Raw data -
+ + + + + + +

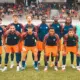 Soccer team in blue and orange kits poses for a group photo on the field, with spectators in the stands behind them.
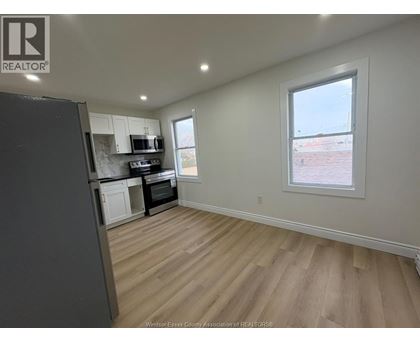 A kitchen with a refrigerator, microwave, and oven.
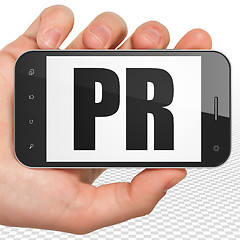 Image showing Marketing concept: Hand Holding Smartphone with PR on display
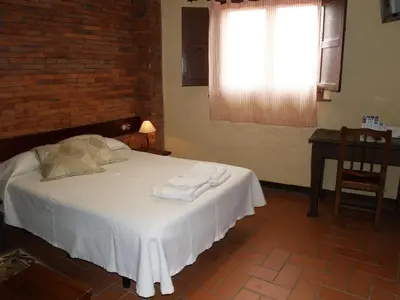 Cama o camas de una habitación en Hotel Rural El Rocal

+ + + + + + +

Your objective -
Copy the whole listing above word for word but do not carry over the pictures.

Output for this exercise -
 Soccer team in blue and orange kits poses for a group photo on the field, with spectators in the stands behind them.
 A kitchen with a refrigerator, microwave, and oven.
 Image showing Marketing concept: Hand Holding Smartphone with PR on display
 Cama o camas de una habitación en Hotel Rural El Rocal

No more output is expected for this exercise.